There is a reason so many of his plays begin with a prologue or a lenghtly opening monologue. It is a welcoming, a greeting, and a way of preparing the audience for the play to come. It is a way of saying, “Listen! Think! Imagine! Work with us in telling this story!”
Think when we talk of horses, that you see them
Printing their proud hoofs i' the receiving earth;
For 'tis your thoughts that now must deck our kings,
Carry them here and there; jumping o'er times,
Turning the accomplishment of many years
Into an hour-glass:
goes a line in the prologue to Henry V. Your job is to fill in this world with your imagination. Your job is to empathize with the characters and to answer their questions for them. Your job is give us the energy that helps to fill in the story.
When any audience member shows up and does their job, they understand Shakespeare. A well told, well spoken Shakespeare play allows audiences to share in the mind of this genius and begin to grapple with the human questions he posed.
When the poetic faith between performer and audience member is achieved, the questions stay with them afterwards and reminds them of a deeply satisfying experience. Entertaining, yes. . . but more. One that helps them wrestle with their own ideas of existence and what it is to be human.
That is not escapism—straight entertainment, “divertissement”. No, it is an activity, and a rigorous one at that.
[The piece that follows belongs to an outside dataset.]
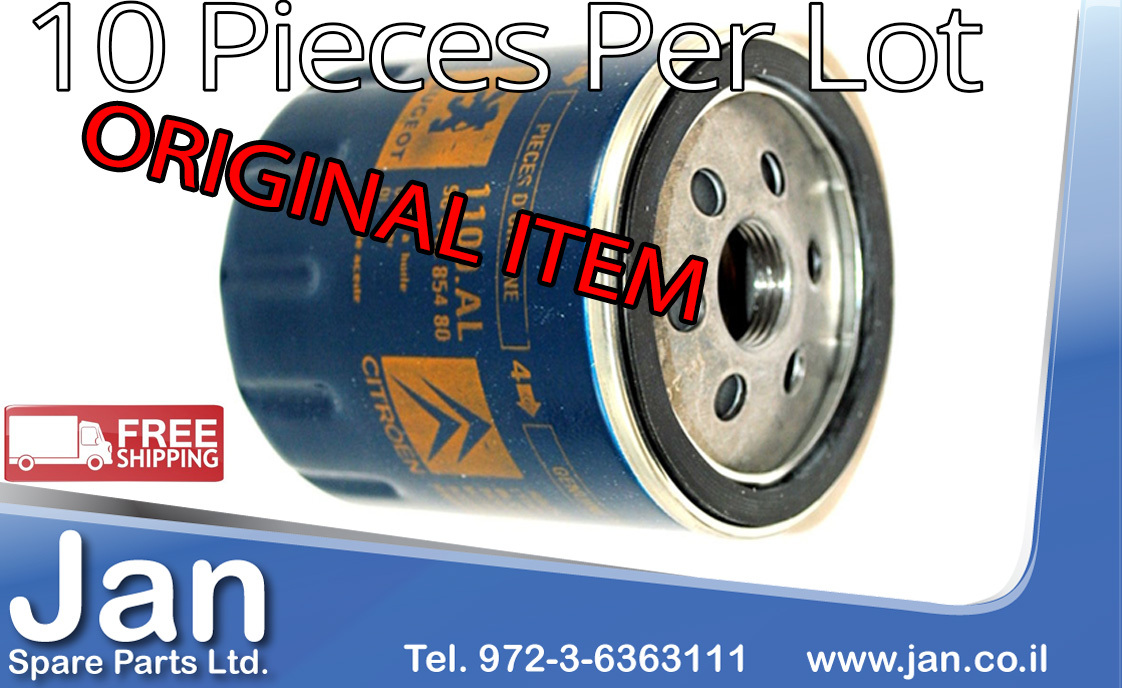 Lot of 10 ORIGINAL NEW Peugeot Citroen Oil filter 1109AL FREE SHIPPING WORLDWIDE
It is something requiring energy and focus.
The people who cannot own Shakespeare are those who show up and do nothing more, who detach themselves from the performance and from their fellow audience members. Who disengage in order to evaluate lesser things in the production.
If a question arises about the choices of an actor, someone who owns Shakespeare will try to answer the question in terms of the character or themes of the production. If they cannot be answered sufficiently that way, then turn to evaluating the acting or directing.
If a concept or idea presented is baffling, ask “What is it trying to say?” Once answering that (or providing some ideas), then make your judgments on how well it was executed or the relevance of the idea.
But mostly, those who own and can understand Shakespeare first experience everything the play can give them and tries to help it along. After that, they tackle the questions of evaluation, relevance, and execution.
Anyone can understand Shakespeare, if they can cowboy up and take it on—invest, experience, listen, and participate!
He’s only the greatest playwright in the English language, if you want to own THAT, you bettah WORK!